TAMPA, Fla. — Candidates often say they write their own speeches, but in the case of Mitt Romney's convention address, it is a claim more plausible than most. It was highly personal, rhetorically unambitious and perfectly imaginable as the product of Romney's iPad.
Assuming this to be the case, we have been handed an interesting artifact. Setting aside aesthetic and partisan judgments, what do his preferred arguments and illustrations reveal about Romney himself?
First, at least stylistically, Romney is the retro candidate. His stories are sentimental, his jokes are corny, his parents are his heroes and his family is aggressively nuclear. There is an admirable defiance about it all. You want authenticity? You got it. In your heart you know he's square.
Not that there is anything wrong with that. Some of my best friends — actually, me — are squares. But this is a change from recent presidents. Both Bill Clinton and George W. Bush were baby boomer archetypes — one a story of indiscipline, the other of repentance. In his 2000 convention address, Bush said, “I believe … in forgiveness, because I needed it.” The need itself was humanizing and typical of his times.
Romney, in contrast, inhabits the world before Mrs. Robinson. Some deny it ever existed. Romney proves them wrong. This is not nostalgia; it is a lifestyle choice. Some on the cultural left have little tolerance for this particular alternative lifestyle. But millions of Americans, including many Mormons and evangelicals, practice it without shame. It may even help explain Romney's strong appeal to seniors — a group he leads by double digits, for example, in Florida.

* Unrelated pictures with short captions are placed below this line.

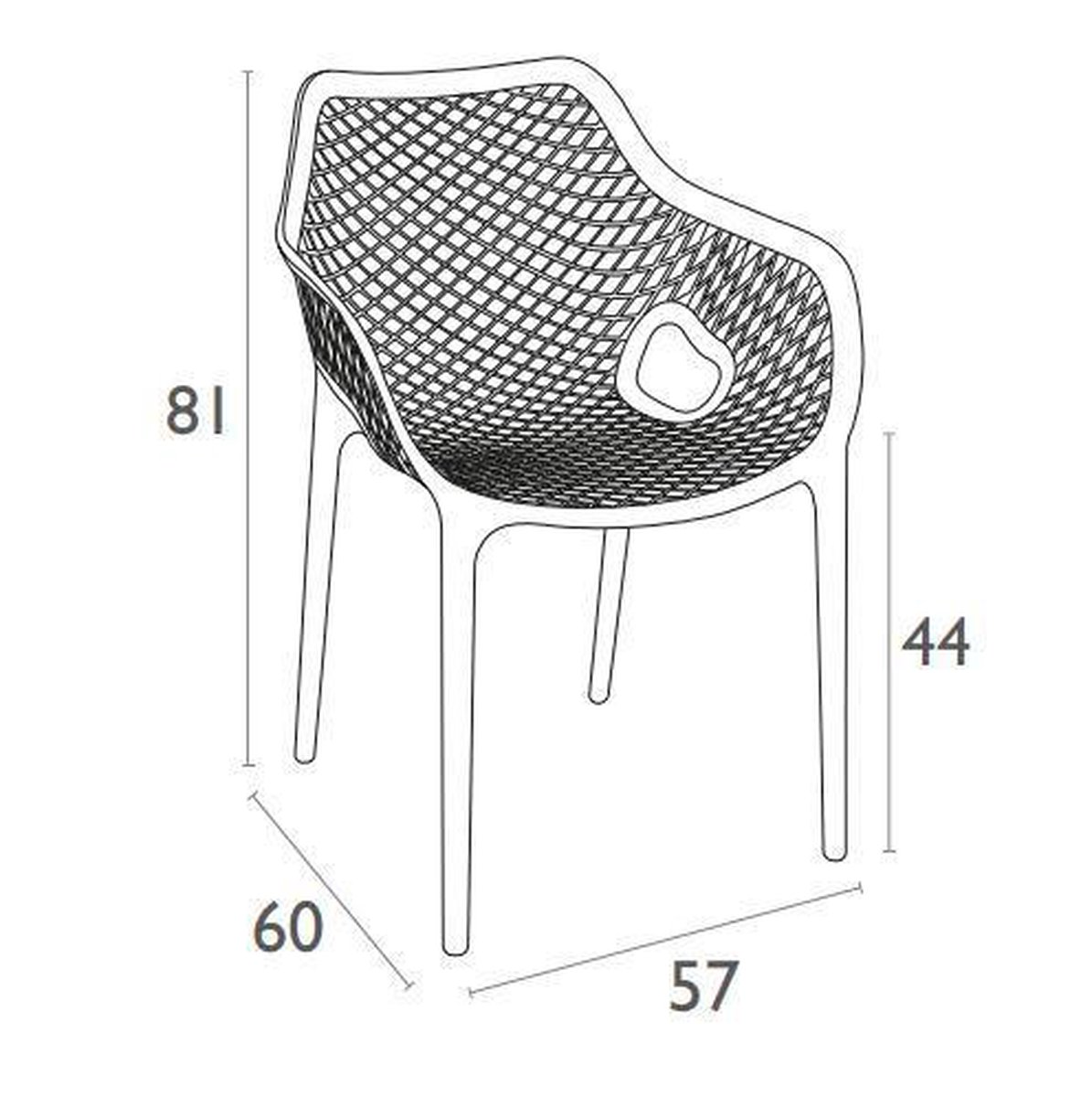 | Tuinstoel Air XL Oranje Siesta Tuinstoel Air Geel Siesta Tuinmeubelen Tuinstoelen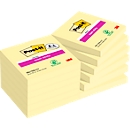 Notes auto-adhésives Super Sticky Notes Post-it®, 12 blocs, 76 x 76 mm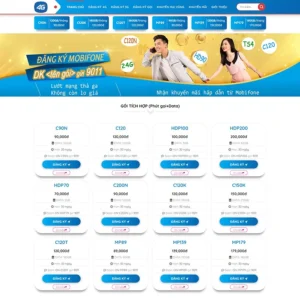 Website bán gói cước điện thoại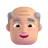 Old Man: Medium-Light Skin Tone
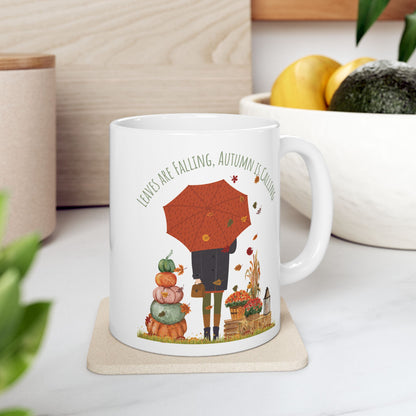 Leaves Are Falling, Autumn Is Calling – Cozy Fall Mug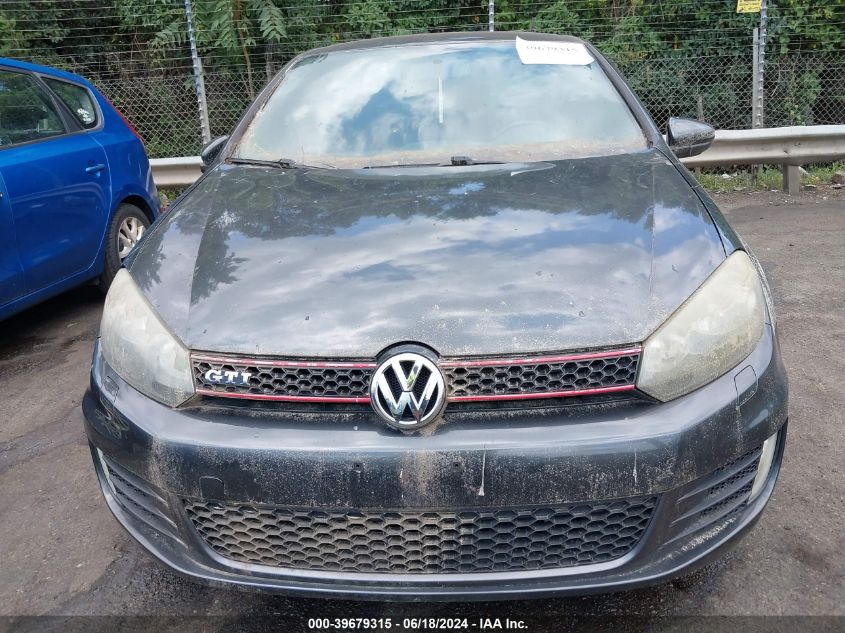 2010 Volkswagen Gti 2-Door VIN: WVWFV7AJ7AW203767 Lot: 39679315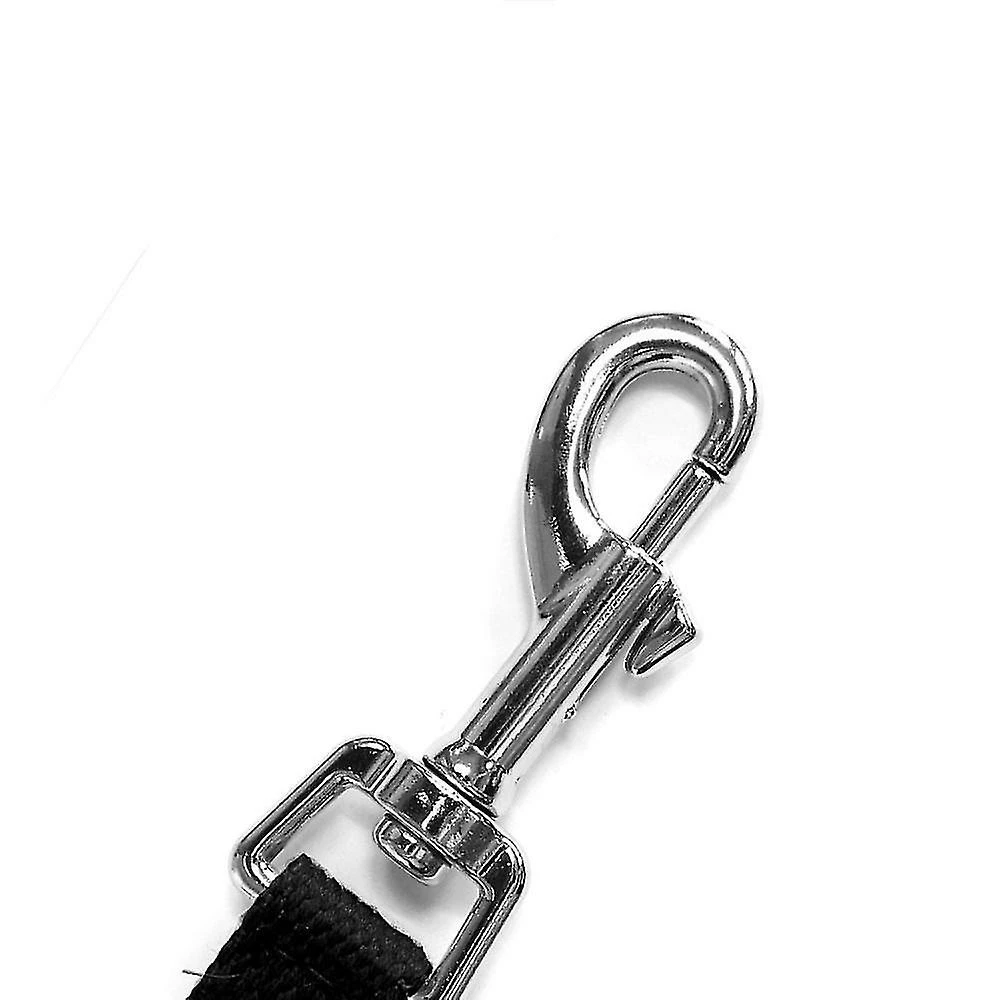 WOSAWE 30 Pieds Cotton Web Dog Training Lead, Noir 3 WOSAWE 30 Pieds Cotton Web Dog Training Lead, Noir â Image 3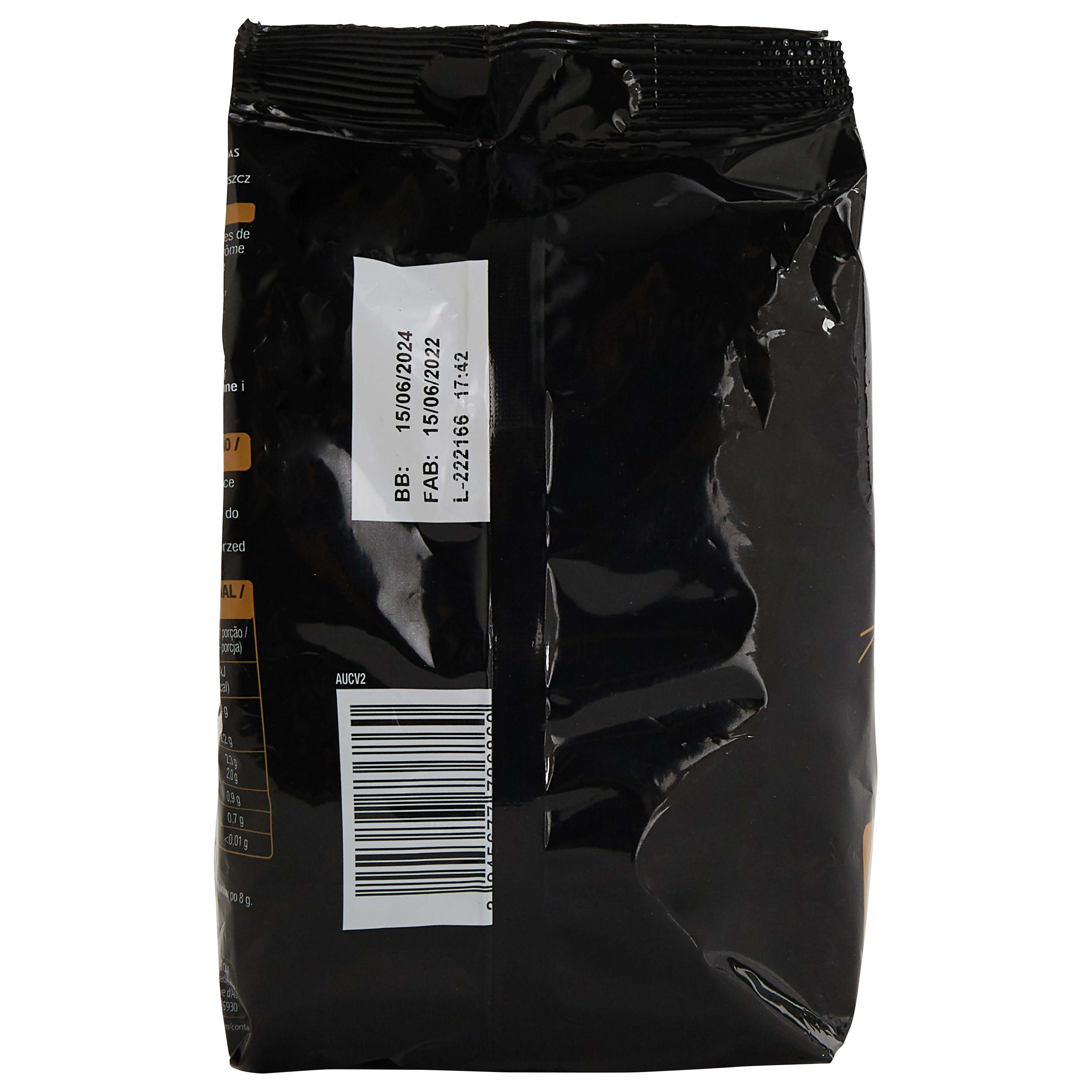 Voir la diapositive 2 : AUCHAN GOURMET Mini tablettes de chocolat noir fèves de cacao 200g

In this case, anachronism is also a kind of armor. No man so grounded, so stable, so religious, so endearingly square can also be the heartless, lawless villain of President Obama's hyperbolic negative ads.
A second self-revelation contained in Romney's speech: He is not really ideological. He did not engage a debate on the role of government, or America's place in the world, or the future of entitlements. He proclaimed policies instead of arguing for them. He offered five points instead of first principles.